━━━ DATA SHOWN
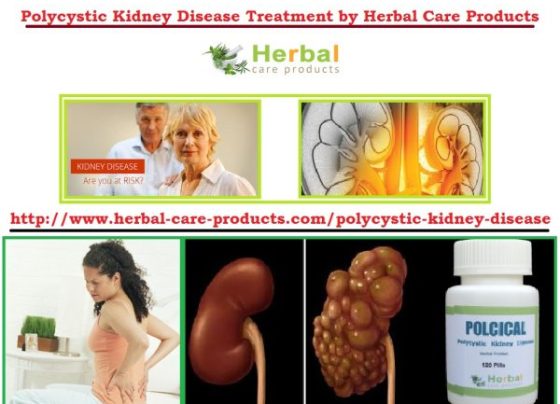 10 Natural Remedies for Polycystic Kidney Disease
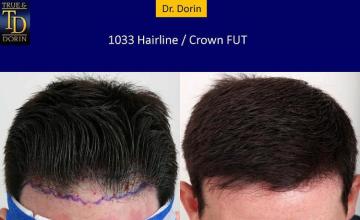 Hair transplantation surgery before and after pictures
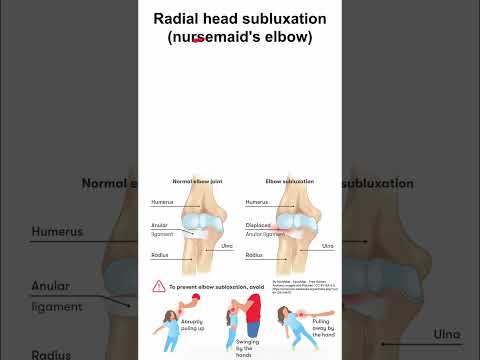 Radial head subluxation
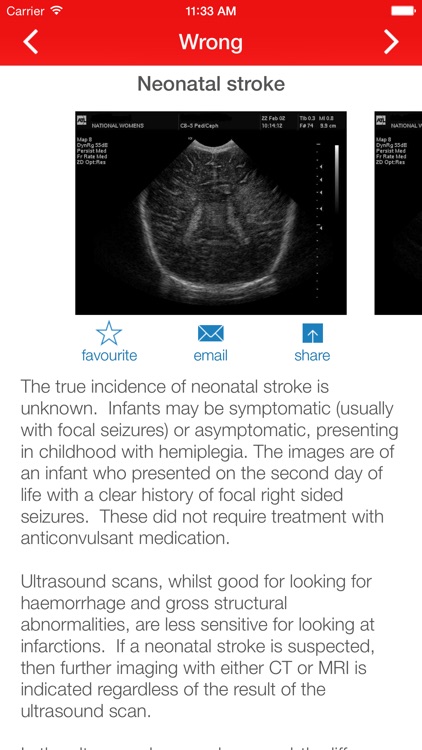 Cranial Ultrasound screenshot-3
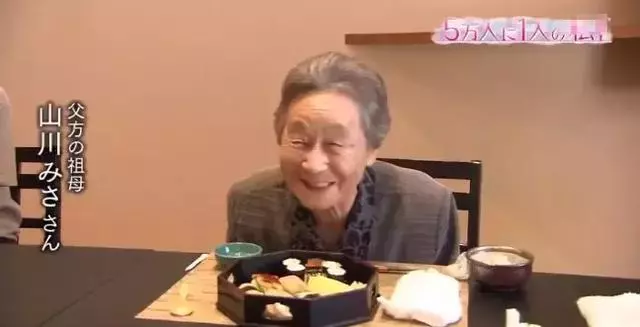 日本面部缺陷的無臉妹,被嘲笑為「怪物」,卻依然活得堅定溫柔!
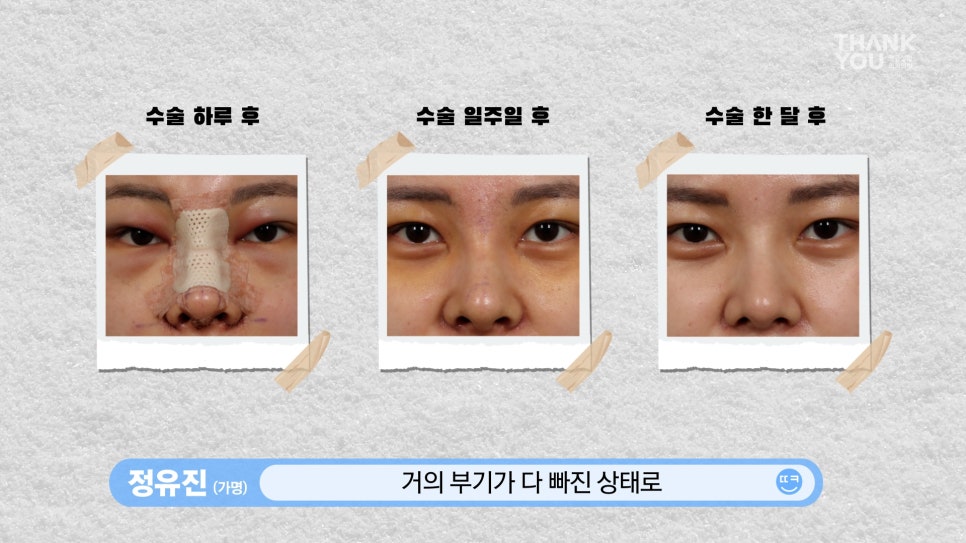 뚱뚱한 코 탈출! 실리콘 코성형👃(직원 코성형 브이로그2탄) 관련 이미지 15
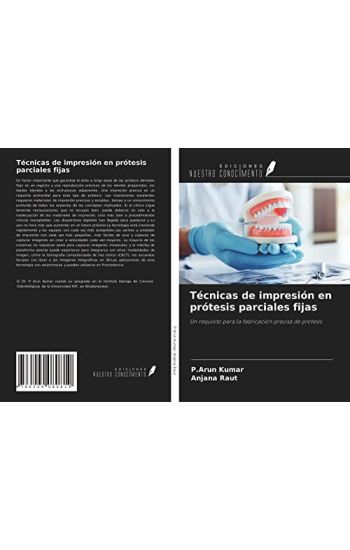 Técnicas de impresión en prótesis parciales fijas
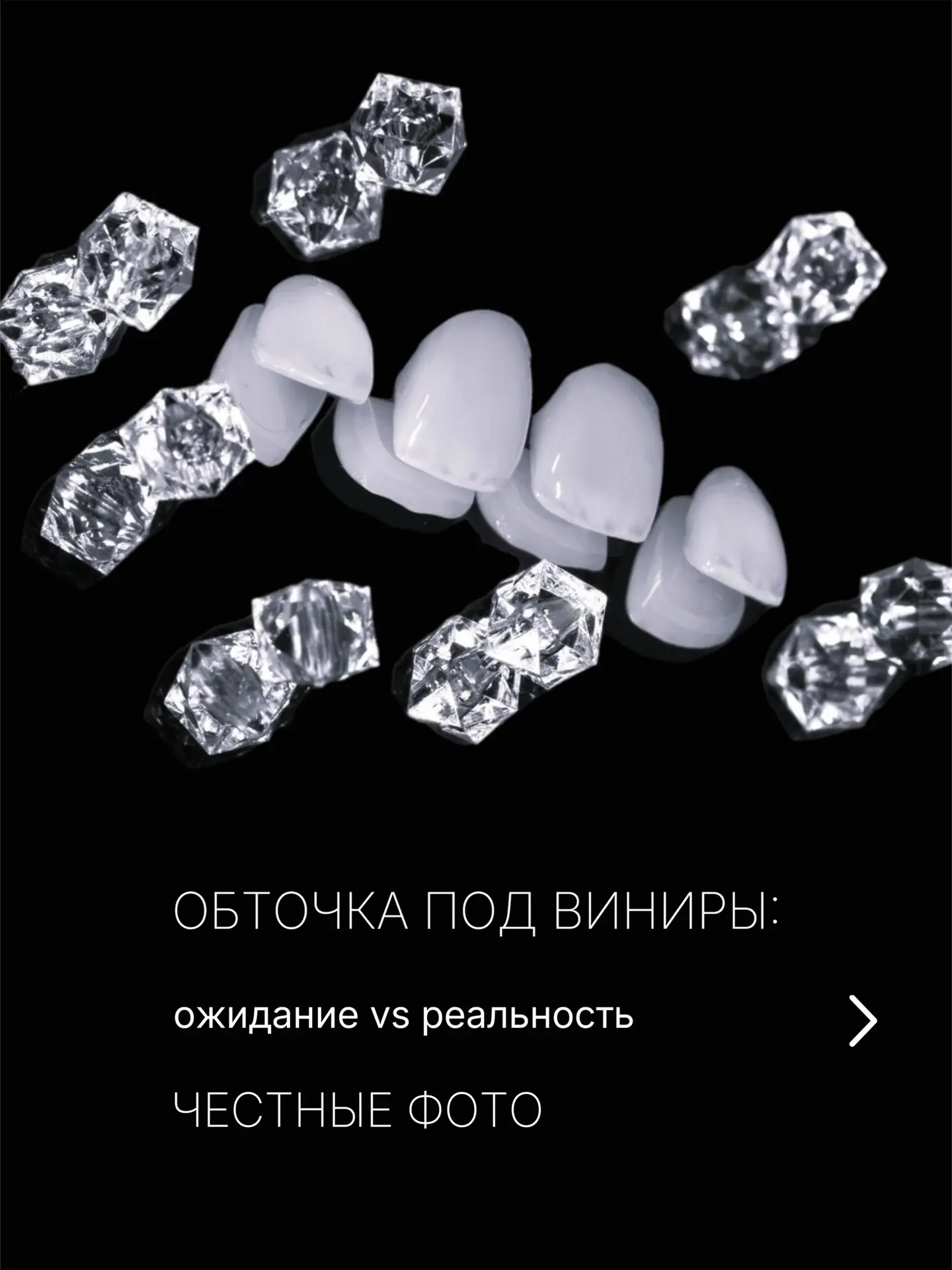 Вы смотрите на наши фото с преображением улыбок и думаете о том, как бы вам подошли сияющие виниры? 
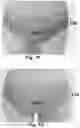 Fig. 05 - Underwear, and System and Method of Producing Underwear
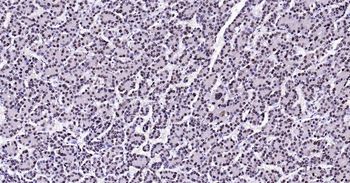 PCNA Recombinant Rabbit Monoclonal Antibody (Nuclear Loading Control)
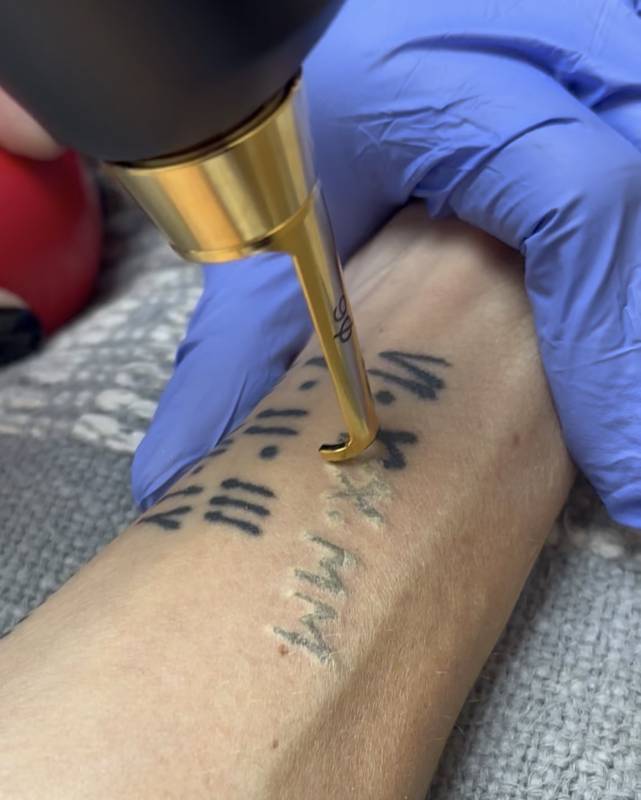 laser tattoo removal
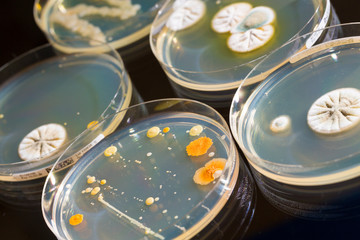 petri dish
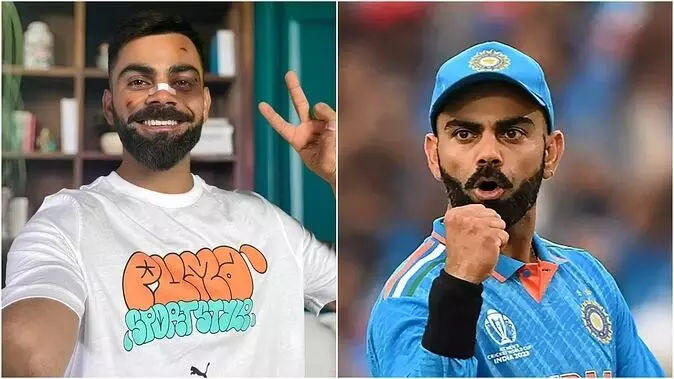 Virat Kohli: सूजी हुई आंख, नाक पर पट्टी और चोट के निशान; विराट कोहली को देख डर गए फैंस, पूछा- सब ठीक है?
━━━━━━
Before handing back the copy, remove the pictures; otherwise print the data exactly.

 10 Natural Remedies for Polycystic Kidney Disease
 Hair transplantation surgery before and after pictures
 Radial head subluxation
 Cranial Ultrasound screenshot-3
 日本面部缺陷的無臉妹,被嘲笑為「怪物」,卻依然活得堅定溫柔!
 뚱뚱한 코 탈출! 실리콘 코성형👃(직원 코성형 브이로그2탄) 관련 이미지 15
 Técnicas de impresión en prótesis parciales fijas
 Вы смотрите на наши фото с преображением улыбок и думаете о том, как бы вам подошли сияющие виниры? 
 Fig. 05 - Underwear, and System and Method of Producing Underwear
 PCNA Recombinant Rabbit Monoclonal Antibody (Nuclear Loading Control)
 laser tattoo removal
 petri dish
 Virat Kohli: सूजी हुई आंख, नाक पर पट्टी और चोट के निशान; विराट कोहली को देख डर गए फैंस, पूछा- सब ठीक है?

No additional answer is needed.